Sunday, March 6, 2011

N is for Nalgene

The other day I was heading out to meet my sweet friend for brunch and, upon realizing I was a bit late, decided to take a different (hopefully faster) route to our meeting location. (Side note, if you haven't eaten at Cafe Strudel, you should stop what you're doing and go now!)

After taking a few turns here and there on some back roads with very few cars impeding my trip, I turned on a street that was completely clear except for my car and one other far in the distance. Thinking fabulous thoughts of myself for taking this route, I picked up the phone to ring my sister Lillian. After a few loving jabs (per our usual) the other car on the street was right in front of me and something caught my eye. The poor girl had left her Nalgene on her roof!

(For those of you who need a visual...)

Without hesitate, I tucked the phone under my ear and held it with my shoulder, hit the window button, pumped my breaks and began pointing repeatedly out of the window toward the Naglene, trying so hard to get her attention.

Looking at me with much confusion (and a bit of fear), the girl shook her head and keep driving, speeding up around the turn and throwing the Nalgene off the roof and onto the ground.

Determined to let her know that she just lost a $20 water bottle (and explain the reason for my sporadic actions and gestures), I sped up to the main street and looked to see if I could see her coming out a few streets down.

I DID!

At this point, I was on a mission.
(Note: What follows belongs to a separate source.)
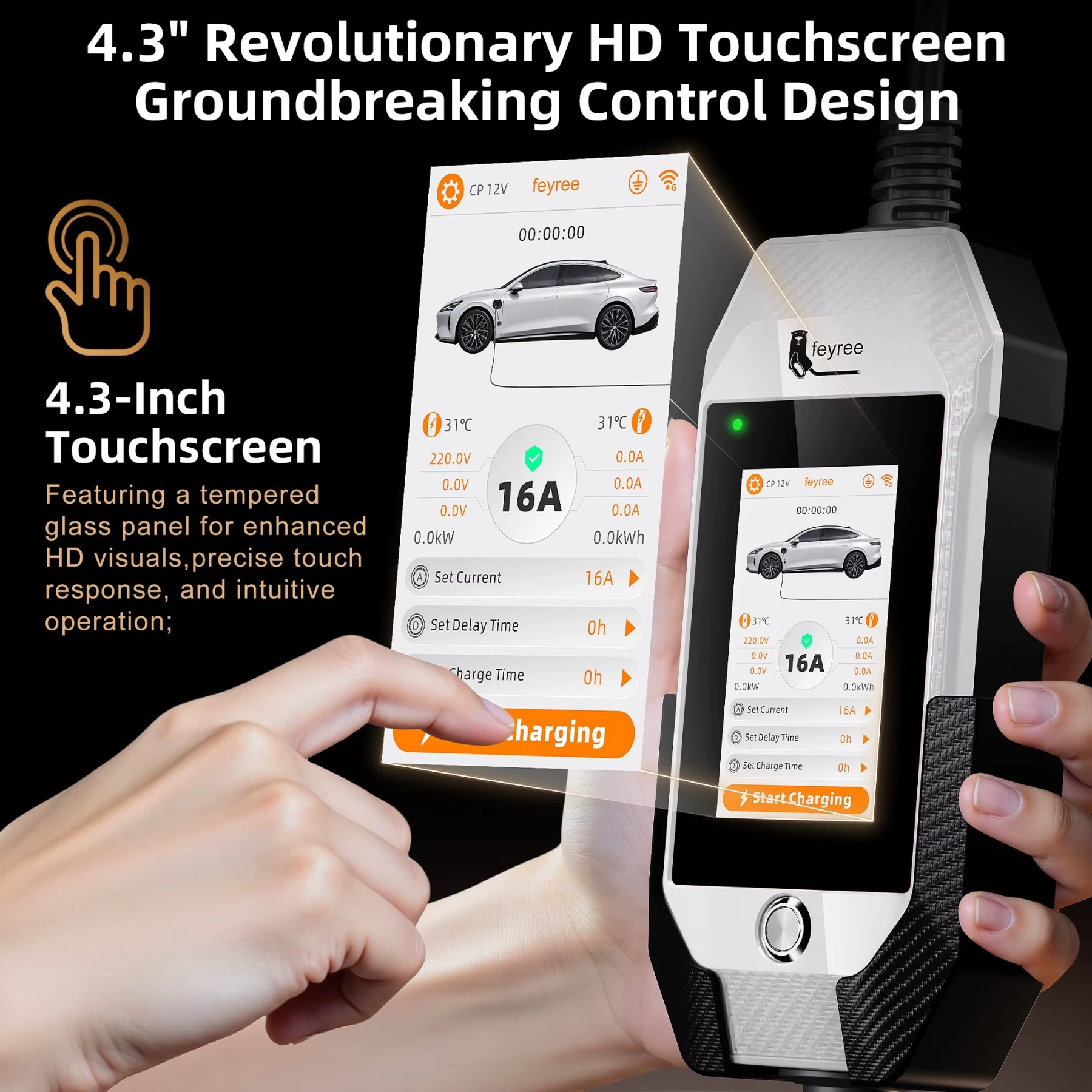 Feyree Type1 3.5kW 16A Portable EV Charger 4.3 inch Touch Screen Smart WIFI APP Remote Control Design AC EV Charging Station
Having sincere motives, I followed her down Main Street and prayed the whole way for a red light. Forgetting that Lillian was still on the phone and ignoring her comments about how stupid I was being, I was able to catch up to the girl.
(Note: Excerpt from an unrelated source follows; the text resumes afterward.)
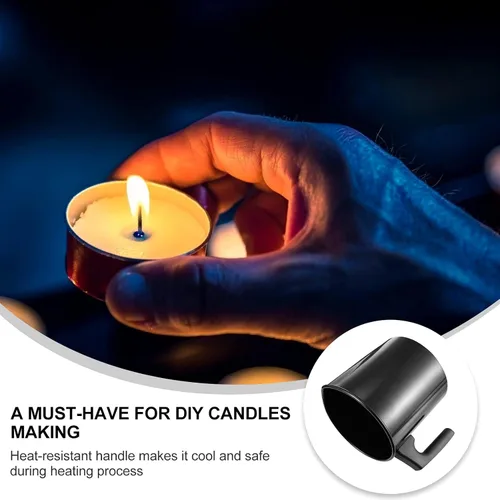 Miniatura 3 de Healifty Olla para hacer velas de 41 onzas, jarra de cera de acero inoxidable para velas, chocolate, jabón (negro)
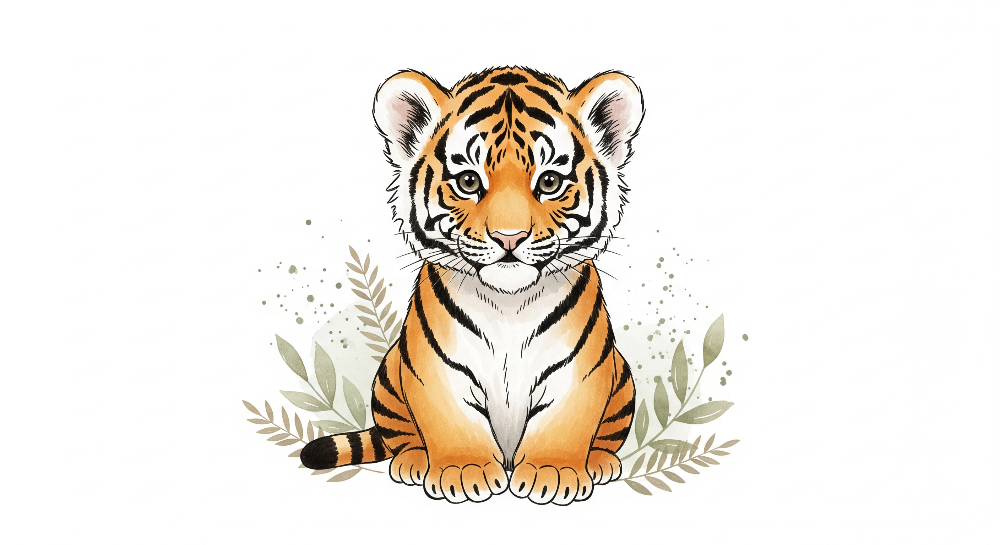 Kids-Mundo watercolour illustration of a tiger cub sitting among soft sage-green leaves design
Rolling my window down (again), I said like any good Southern Belle, "Excuse me," (insert more flailing arms and maybe a honk or two)"I was trying to let you know that your Nalgene was on your roof and you lost it back there." Laughing nervously, the girl said, "Ohh, ha, well thanks, but, you didn't have to follow me," with a bit of an attitude if I don't say so myself.

Taken aback by her "thank you" for trying to save her money, I fibbed and said, "Oh, umm, I was, eh, going this way anyway."

Speeding off as soon as the light turned green (selfishly hoping that she saw my Junior League sticker and realized I wasn't completely crazy and that community service was apart of my extracurricular activities), I picked up the phone to hear Lillian dying with laughter, yelling numerous "OMG's" and "I can't believe you's."

Feeling like a moron, I finally made it to brunch, late, but knowing in my heart that even though it was a major FAIL, I could mark off my good deed for the day.